Petra Heuchert, die als Pädagogin ihr Praktikum beim Offenen Kanal macht, hat die Ideen des Frauenbeitrags monatelang gepflegt. Entstanden war sie am 8. März, als beim Frauenstreik relativ spontan eine Livesendung beim Offenen Kanal ausgestrahlt wurde. In solchen Situationen scheint das Prinzip „freier gleicher und unzensierter Zugang“ seine Stärken zu beweisen.

Am 25. November '92, als der Streik bei Klöckner seit Oktober lief, kamen die Kumpels ins Studio und wollten irgenwie an die Öffentlichkeit, vom Arbeitskampf berichten und mitteilen, wie der Stand auf der Hütte ist. Klar, das keiner von ihnen das Fernsehhandwerk beherrschte. Im Studio lief gerade die Rosa Nordschau, das schwulen Magazin des Rat und Tatzentrums. Drei Stunden später, um 21 Uhr waren die Streikenden bei Klöckner auf Sendung, die Technik hatten ihnen die Leute von der Rosa Nordschau abgenommen.

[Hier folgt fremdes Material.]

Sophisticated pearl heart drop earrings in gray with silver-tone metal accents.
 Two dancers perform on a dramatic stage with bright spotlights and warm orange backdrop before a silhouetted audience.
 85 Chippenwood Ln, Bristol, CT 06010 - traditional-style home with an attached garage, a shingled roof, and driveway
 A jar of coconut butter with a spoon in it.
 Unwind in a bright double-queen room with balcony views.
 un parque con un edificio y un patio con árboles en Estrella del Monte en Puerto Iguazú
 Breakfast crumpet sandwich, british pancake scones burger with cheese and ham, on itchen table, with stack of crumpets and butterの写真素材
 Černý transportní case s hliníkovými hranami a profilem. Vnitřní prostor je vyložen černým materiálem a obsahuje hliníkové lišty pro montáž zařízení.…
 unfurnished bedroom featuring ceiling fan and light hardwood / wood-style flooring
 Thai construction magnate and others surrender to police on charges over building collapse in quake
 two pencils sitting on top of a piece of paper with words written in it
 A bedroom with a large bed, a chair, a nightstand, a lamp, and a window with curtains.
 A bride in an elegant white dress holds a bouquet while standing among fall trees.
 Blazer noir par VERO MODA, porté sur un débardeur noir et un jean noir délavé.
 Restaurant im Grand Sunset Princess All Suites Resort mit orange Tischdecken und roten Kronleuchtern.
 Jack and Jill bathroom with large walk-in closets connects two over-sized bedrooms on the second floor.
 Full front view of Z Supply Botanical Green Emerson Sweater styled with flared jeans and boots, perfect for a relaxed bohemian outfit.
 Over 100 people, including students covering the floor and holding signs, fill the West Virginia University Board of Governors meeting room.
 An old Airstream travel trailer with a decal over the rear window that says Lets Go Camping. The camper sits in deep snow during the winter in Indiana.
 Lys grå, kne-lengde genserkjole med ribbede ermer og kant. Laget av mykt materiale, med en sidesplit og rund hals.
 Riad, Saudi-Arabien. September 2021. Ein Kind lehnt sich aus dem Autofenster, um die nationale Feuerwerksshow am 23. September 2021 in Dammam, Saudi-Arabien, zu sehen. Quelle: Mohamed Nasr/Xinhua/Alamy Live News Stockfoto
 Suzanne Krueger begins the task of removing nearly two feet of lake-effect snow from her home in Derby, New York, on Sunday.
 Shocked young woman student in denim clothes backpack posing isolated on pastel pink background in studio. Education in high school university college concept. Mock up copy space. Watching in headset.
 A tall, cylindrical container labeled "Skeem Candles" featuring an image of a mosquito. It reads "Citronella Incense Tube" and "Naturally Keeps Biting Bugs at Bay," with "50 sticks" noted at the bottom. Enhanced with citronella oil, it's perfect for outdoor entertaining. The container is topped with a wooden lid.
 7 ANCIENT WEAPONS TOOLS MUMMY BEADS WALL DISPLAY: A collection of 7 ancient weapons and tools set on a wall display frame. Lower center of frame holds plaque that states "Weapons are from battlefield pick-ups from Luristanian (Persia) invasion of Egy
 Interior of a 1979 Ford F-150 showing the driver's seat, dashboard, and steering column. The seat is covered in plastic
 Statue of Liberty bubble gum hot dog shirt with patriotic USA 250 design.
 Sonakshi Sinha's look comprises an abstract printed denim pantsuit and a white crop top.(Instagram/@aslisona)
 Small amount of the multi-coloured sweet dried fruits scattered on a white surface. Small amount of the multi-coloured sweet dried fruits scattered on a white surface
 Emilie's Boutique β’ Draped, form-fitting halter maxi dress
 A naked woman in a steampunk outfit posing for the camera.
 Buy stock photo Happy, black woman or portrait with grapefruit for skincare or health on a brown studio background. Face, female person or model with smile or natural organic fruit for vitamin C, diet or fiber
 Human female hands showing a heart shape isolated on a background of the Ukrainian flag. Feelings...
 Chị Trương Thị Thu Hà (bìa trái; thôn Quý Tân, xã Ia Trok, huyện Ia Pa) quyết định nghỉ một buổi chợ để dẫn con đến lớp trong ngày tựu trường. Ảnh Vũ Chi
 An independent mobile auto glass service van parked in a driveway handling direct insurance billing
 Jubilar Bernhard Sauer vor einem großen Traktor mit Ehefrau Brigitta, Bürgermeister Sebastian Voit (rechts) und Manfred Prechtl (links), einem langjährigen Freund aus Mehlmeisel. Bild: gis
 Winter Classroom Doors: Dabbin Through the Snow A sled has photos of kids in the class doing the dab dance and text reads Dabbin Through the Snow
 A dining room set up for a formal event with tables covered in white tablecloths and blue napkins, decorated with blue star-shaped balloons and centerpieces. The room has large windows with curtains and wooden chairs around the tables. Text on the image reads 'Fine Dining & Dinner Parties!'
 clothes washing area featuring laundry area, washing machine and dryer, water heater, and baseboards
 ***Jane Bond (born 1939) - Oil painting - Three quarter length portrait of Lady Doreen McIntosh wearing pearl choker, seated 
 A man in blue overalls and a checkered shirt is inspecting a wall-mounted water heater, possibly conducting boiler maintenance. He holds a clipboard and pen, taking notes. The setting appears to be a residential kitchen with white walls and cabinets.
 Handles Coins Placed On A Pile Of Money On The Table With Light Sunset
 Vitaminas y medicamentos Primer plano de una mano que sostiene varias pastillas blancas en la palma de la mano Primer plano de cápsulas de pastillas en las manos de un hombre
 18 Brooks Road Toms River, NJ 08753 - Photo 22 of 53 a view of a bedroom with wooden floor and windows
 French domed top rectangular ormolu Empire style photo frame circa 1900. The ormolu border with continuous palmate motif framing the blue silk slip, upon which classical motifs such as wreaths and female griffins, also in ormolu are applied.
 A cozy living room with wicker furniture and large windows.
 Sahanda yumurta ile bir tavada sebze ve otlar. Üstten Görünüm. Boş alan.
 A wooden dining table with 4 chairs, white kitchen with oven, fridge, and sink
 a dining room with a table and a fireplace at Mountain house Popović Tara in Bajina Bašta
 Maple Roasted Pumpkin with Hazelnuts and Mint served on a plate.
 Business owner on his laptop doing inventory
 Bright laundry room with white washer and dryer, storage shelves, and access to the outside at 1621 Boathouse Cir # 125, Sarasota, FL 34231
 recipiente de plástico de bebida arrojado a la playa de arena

Natürlich wissen Uwe Parpart und Dirk Schwampe vom Offenen Kanal, daß solch ein Miteinander von unterschiedlichen gesellschaftlichen Gruppen nicht zu organisieren ist. Aber wenn es gelingt, dann sind es die Highlights einer offenen übergreifenden Medienarbeit. Konsequent dann auch, daß einer wie der 47jährige Sicherheitsfachmann Harry Stiller, dessen Arbeitskollegen ihre Freizeit wahrscheinlich eher vor der Glotze als hinter der Kamera verbringen, und der kaum zur Bremer Szene zu rechnen ist, für den Offenen Kanal Werbung. Schließlich hat jeder seinen eigenen Traum, ist sein eigener Spielberg und darf klein anfangen.